The Servicio Geológico Colombiano reported a 6.5-magnitude earthquake in Colombia on Sunday, approximately 56 miles east of Bogota.
The SGC’s database for tracking such incidents detected the earthquake around 8:08 a.m. local time near the city of Paratebueno, describing it as shallow in depth.
The service stated that it has received around 5,000 reports of persons who felt the earthquake. Data suggest that at least two aftershocks had magnitudes greater than four.
During a news conference Sunday, Carlos Carrillo, the director of Colombia’s national disaster risk office, stated that a major highway in the area had sustained damage.
“In the inspection area of Santa Cecilia and the village of La Europa, as well as in Medina, the main church has been affected, including collapsed walls,” he said.

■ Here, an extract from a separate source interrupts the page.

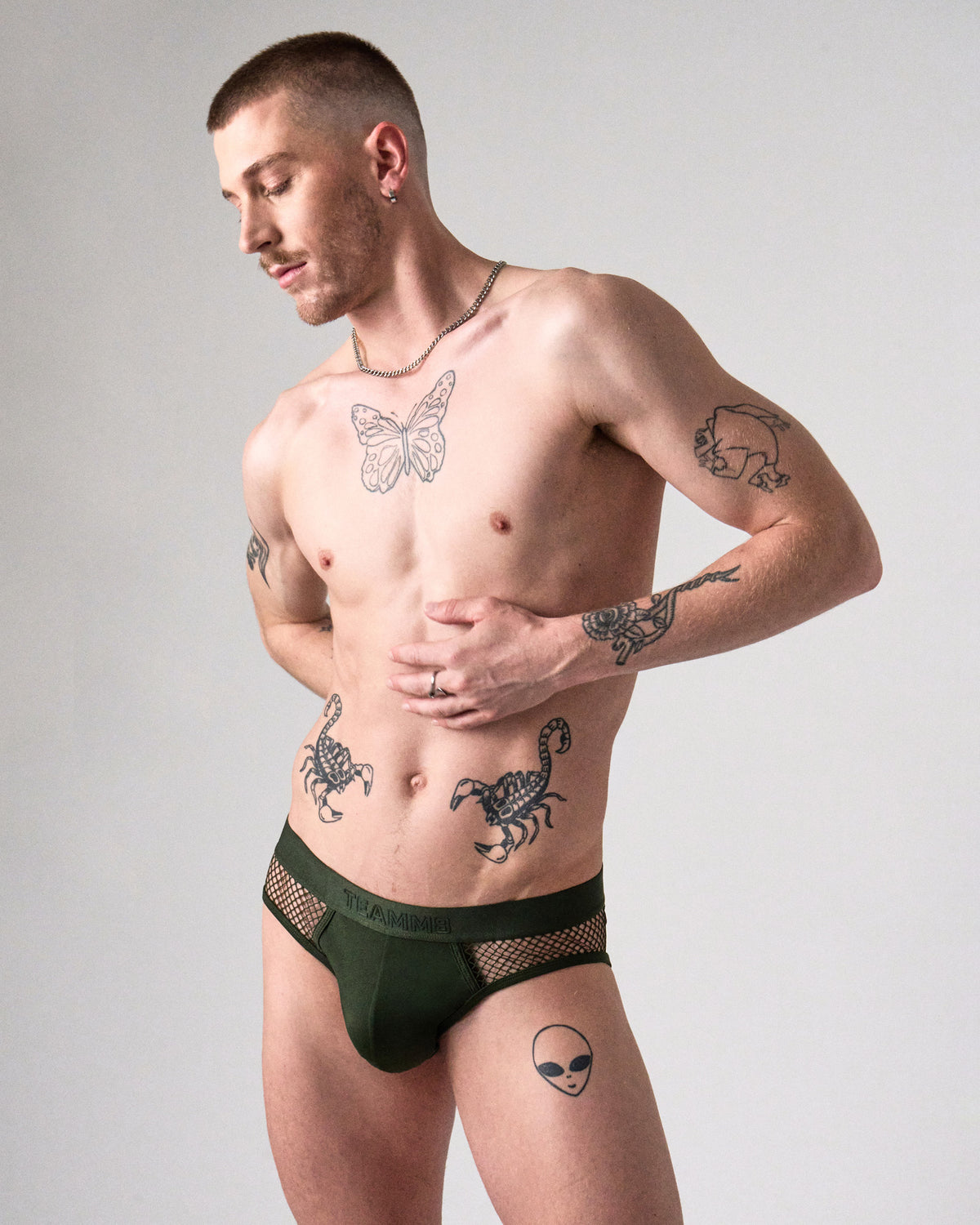 Edge Net Brief in Forest, front view on model showing the men's sheer net side panels and pouch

“So far, two people have been reported injured in that municipality. Damage has occurred to walls and facades of churches and homes, and there may also be damage to bridges.”
He later clarified that four people total have so far been reported injured, two in Paratebueno and two in Medina. They are all said to have minor injuries.
Carrillo said authorities were seeking to verify the impacts of the earthquake on a health center in the town of Fómeque and on a Catholic church in the town of Une in the Andes. Damage to homes were also reported in the towns of Tocaima and Caldas.
The U.S. Geological Survey also recorded the earthquake, describing it as a 6.3-magnitude tremor.